Unfortunately, time was not on their side. Though no new musicals or joint projects surfaced, the pair remained close friends until the day Prince died in 2016, catching up with one another every few months.

"It might be six, eight months before we talked, but when we talked, it was like, we see each other," Lee told The New York Times.

Just a few hours after news of Prince's death was made public on April 21, 2016, Lee held a tribute block party outside the office of his Brooklyn production company, where a mob of mourning fans sang along to "Let's Go Crazy," "Kiss" and "Purple Rain."

Six weeks later, he held another party, to celebrate what would have been his friend's 58th birthday.

Watch Spike Lee and Brooklyn Celebrate Prince

In 2019, Lee won his first Academy Award when BlacKkKlansman received an Oscar for Best Adapted Screenplay. Prince's "Mary Don't You Weep" was featured in the concluding segment of Lee's movie.

In another nod to his friend, Lee accepted the award dressed lavishly in purple with a large golden necklace shaped in the Prince symbol.
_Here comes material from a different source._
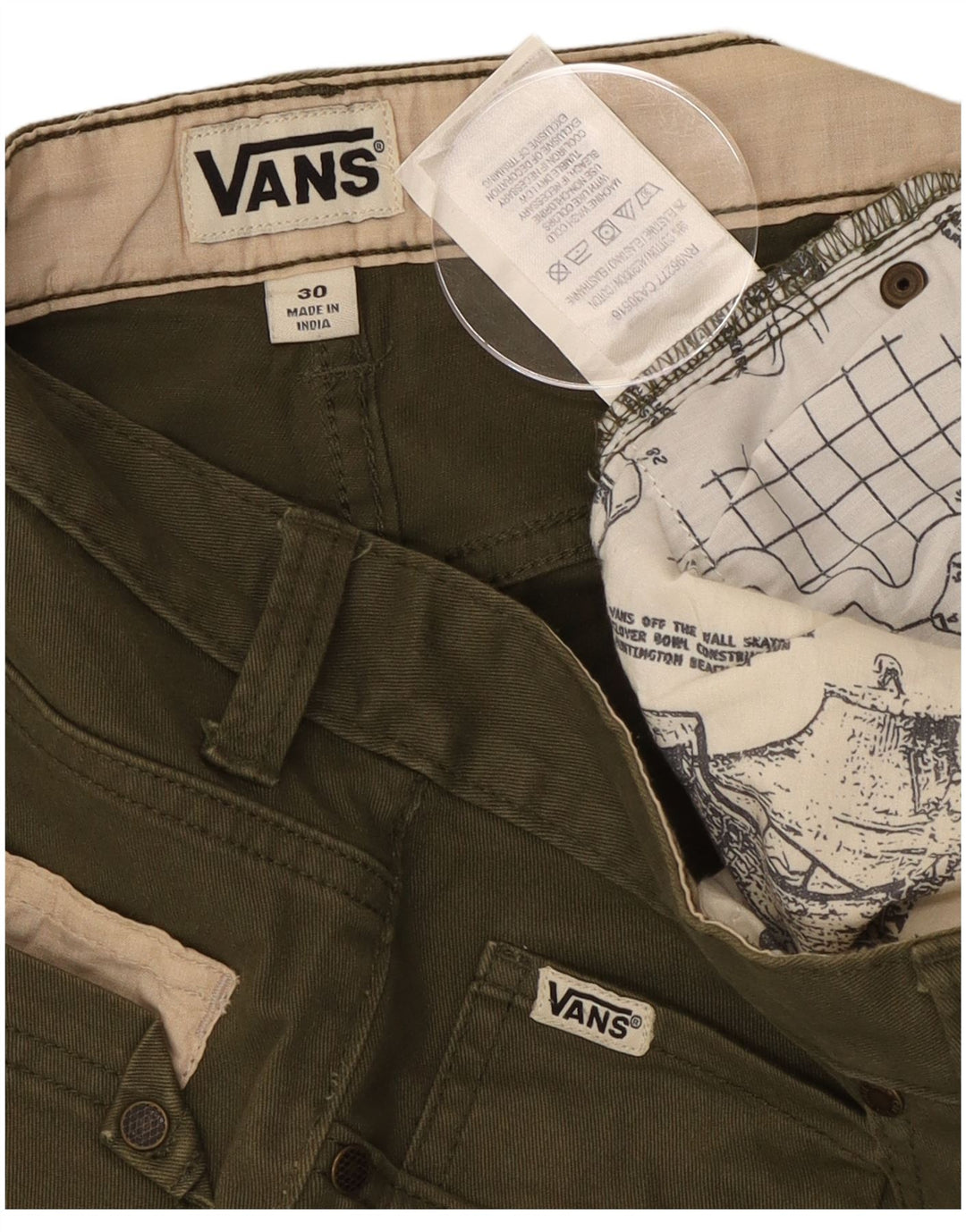 Vans Hombre Pantalones Cortos Casuales W30 Algodón Caqui Medio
Watch Spike Lee Talk About His Oscar Win

"I said to myself, this is it," Lee said. "What could be more fitting than to have a Negro spiritual sung by Prince, just him and the piano in this movie. It was not a mistake. Prince wanted me to have that song in BlacKkKlansman. People can say I'm crazy, smoking crack, which I don't. Or eating the mushrooms, which I don't. I'm telling you, on my mother's grave, he wanted me to have this song."